Two Gospel writers, Matthew and Luke give us the genealogies of Jesus Christ. They have different approaches; therefore, their genealogies differ from each others. The Gospel of Matthew makes a great deal of the genealogy of Jesus Christ before describing his birth in Bethlehem. Matthew, in fact, is quite comprehensive in relating the lineage of Jesus Christ. If you are honest, you may confess that more often than not you have skipped the reading when it comes to the genealogies. Come on, who is interested in reading about begettings and who wants to know who was the father of whom? These genealogies are, however, very significant to the birth narrative of Jesus. The gospel writer wants to show us that in the birth of Jesus Christ, God is acting in accordance with his past actions in the history. Jesus’ birth in Bethlehem is consistent with God’s dealings with historical people such as Abraham, Jacob, Solomon, and David. The incarnation of God in Bethlehem in the form of a baby is not an abrupt action of God out of his desperation to save the world. Rather, this narrative of Jesus has a beginning even before his birth and has a sequence, too.

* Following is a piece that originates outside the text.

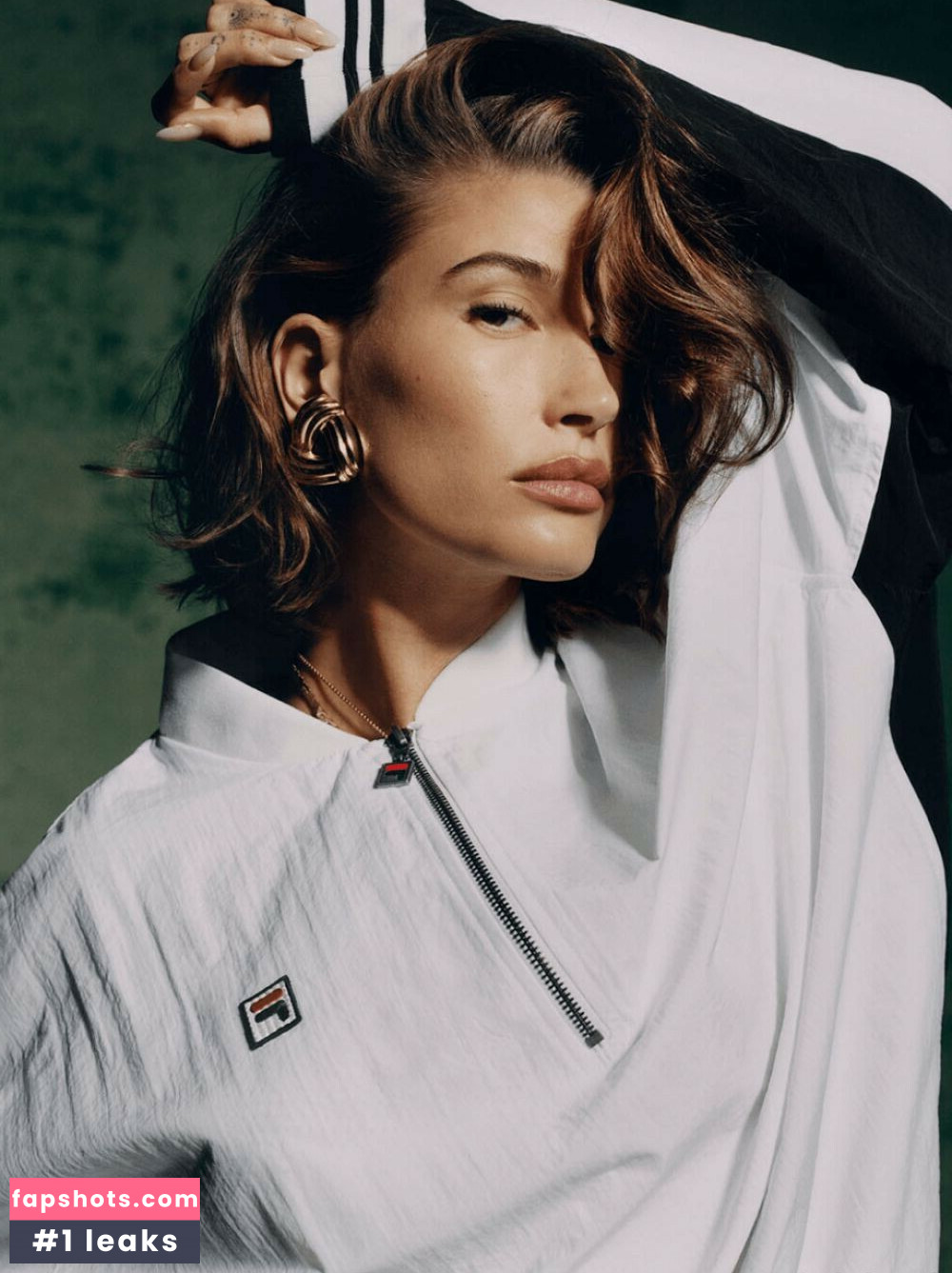 Hailey Baldwin Bieber gallery photo #61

The beginning and the sequence of the story of Jesus are both very interesting and insightful. To relate just one example, the beginning of the story has all sorts of people who make the ancestry of Jesus—both saints as well as sinners. God has used in the past both scheming as well as noble people, the righteous and the not-so-righteous people, the blue-blooded Jews as well as the not-so-pure a bloodline. This is what makes these genealogies “good news” for the gospel writer and their immediate audience as well as for us today! This story of Jesus, which has a beginning, also has a sequence in the same way. God the Father has continued to work through the same mélange even after the birth of Jesus. This is clearly visible in the gospel narratives about disciples with whom Jesus worked and who carried out the mission of Christ to the ends of the world in those days. They were the same kind of people as we notice in the beginning of the ancestry of Jesus. They were real people with successes and failures…with great love and passion for the Lord as well at times when they botched up everything. You might also notice that toward the end of Matthew’s genealogy included are some people conspicuous by their insignificance and ignobility. This, in fact, is very encouraging to me in this Advent season. I believe, we should deliberately include a reading of the genealogies in our Scriptures readings in the church as well as in our personal devotions during the Advent. It is because of these genealogies that we have hope and assurance of our place and role in the salvation story of Jesus Christ. You and I, who may be unknown to the world and feel ourselves insignificant, are the very essential part of the sequence of the story of God. You may feel today that you are too insignificant and too riffraff to contribute anything to the continuing sequence of the ever-expanding story of Jesus Christ. But the past beginning of this wonderful story proves otherwise. The past beginning provides us hope, confidence, destiny and an opportunity to get involved in what God is doing in and for the world. It is an empowering and enabling genealogy and it invites you to come and get involved with God than watch and wait on the sidelines. May you heed to this invitation of the Holy Spirit in your life, today.
Amen. Come Lord Jesus.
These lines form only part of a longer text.